How to get an inactive RAID device working again?

Solution 1:

For your bonus question:

mdadm --examine --scan >> /etc/mdadm/mdadm.conf

Solution 2:

I have found that I have to add the array manually in /etc/mdadm/mdadm.conf in order to make Linux mount it on reboot. Otherwise I get exactly what you have here - md_d1-devices that are inactive etc.

The conf-file should look like below - i.e. one ARRAY-line for each md-device. In my case the new arrays were missing in this file, but if you have them listed this is probably not a fix to your problem.

# definitions of existing MD arrays
ARRAY /dev/md0 level=raid5 num-devices=3 UUID=f10f5f96:106599e0:a2f56e56:f5d3ad6d
ARRAY /dev/md1 level=raid1 num-devices=2 UUID=aa591bbe:bbbec94d:a2f56e56:f5d3ad6d

Add one array per md-device, and add them after the comment included above, or if no such comment exists, at the end of the file. You get the UUIDs by doing sudo mdadm -E --scan:

$ sudo mdadm -E --scan
ARRAY /dev/md0 level=raid5 num-devices=3 UUID=f10f5f96:106599e0:a2f56e56:f5d3ad6d
ARRAY /dev/md1 level=raid1 num-devices=2 UUID=aa591bbe:bbbec94d:a2f56e56:f5d3ad6d

As you can see you can pretty much just copy the output from the scan-result into the file.

I run ubuntu desktop 10.04 LTS, and as far as I remember this behavior differs from the server version of Ubuntu, however it was such a long time ago I created my md-devices on the server I may be wrong. It may also be that I just missed some option.

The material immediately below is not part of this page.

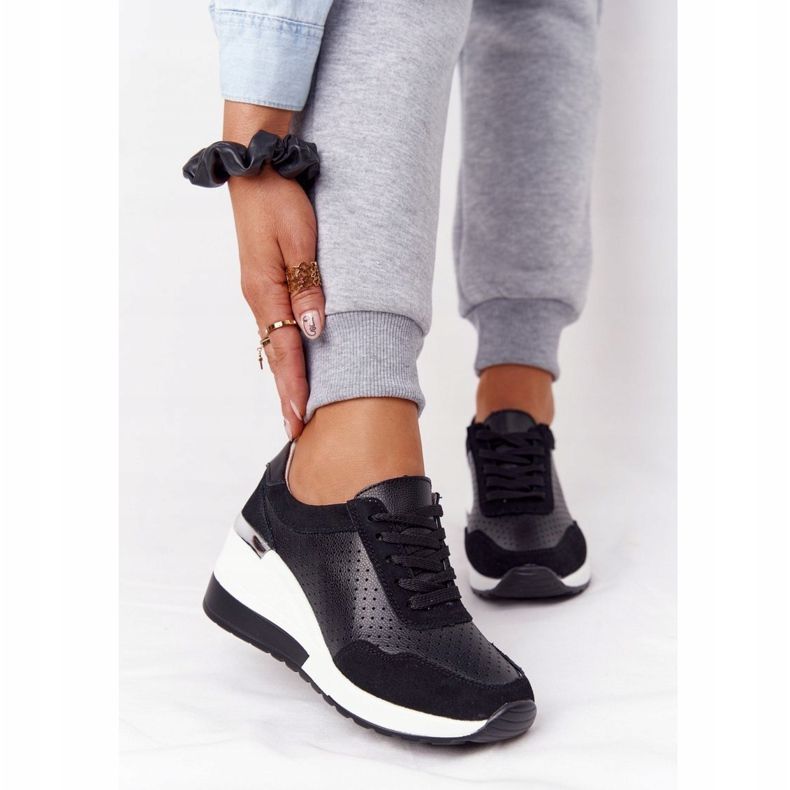 S.Barski Áttört bőr ék cipők S. Bararski Fekete fehér 1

Anyway, adding the array in the conf-file seems to do the trick. I've run the above raid 1 and raid 5 for years with no problems.

Solution 3:

Warning: First of all let me say that the below (due to the use of "--force") seems risky to me, and if you have irrecoverable data I'd recommend making copies of the partitions involved before you start trying any of the things below. However, this worked for me.

I had the same problem, with an array showing up as inactive, and nothing I did including the "mdadm --examine --scan >/etc/mdadm.conf", as suggested by others here, helped at all.

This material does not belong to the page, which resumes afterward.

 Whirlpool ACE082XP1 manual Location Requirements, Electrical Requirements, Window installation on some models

In my case, when it tried to start the RAID-5 array after a drive replacement, it was saying that it was dirty (via dmesg):

md/raid:md2: not clean -- starting background reconstruction
md/raid:md2: device sda4 operational as raid disk 0
md/raid:md2: device sdd4 operational as raid disk 3
md/raid:md2: device sdc4 operational as raid disk 2
md/raid:md2: device sde4 operational as raid disk 4
md/raid:md2: allocated 5334kB
md/raid:md2: cannot start dirty degraded array.

Causing it to show up as inactive in /proc/mdstat:

md2 : inactive sda4[0] sdd4[3] sdc4[2] sde4[5]
      3888504544 blocks super 1.2

I did find that all the devices had the same events on them, except for the drive I had replaced (/dev/sdb4):

[root@nfs1 sr]# mdadm -E /dev/sd*4 | grep Event
mdadm: No md superblock detected on /dev/sdb4.
         Events : 8448
         Events : 8448
         Events : 8448
         Events : 8448

However, the array details showed that it had 4 out of 5 devices available:

[root@nfs1 sr]# mdadm --detail /dev/md2
/dev/md2:
[...]
   Raid Devices : 5
  Total Devices : 4
[...]
 Active Devices : 4
Working Devices : 4
[...]
    Number   Major   Minor   RaidDevice State
       0       8        4        0      inactive dirty  /dev/sda4
       2       8       36        2      inactive dirty  /dev/sdc4
       3       8       52        3      inactive dirty  /dev/sdd4
       5       8       68        4      inactive dirty  /dev/sde4

(The above is from memory on the "State" column, I can't find it in my scroll-back buffer).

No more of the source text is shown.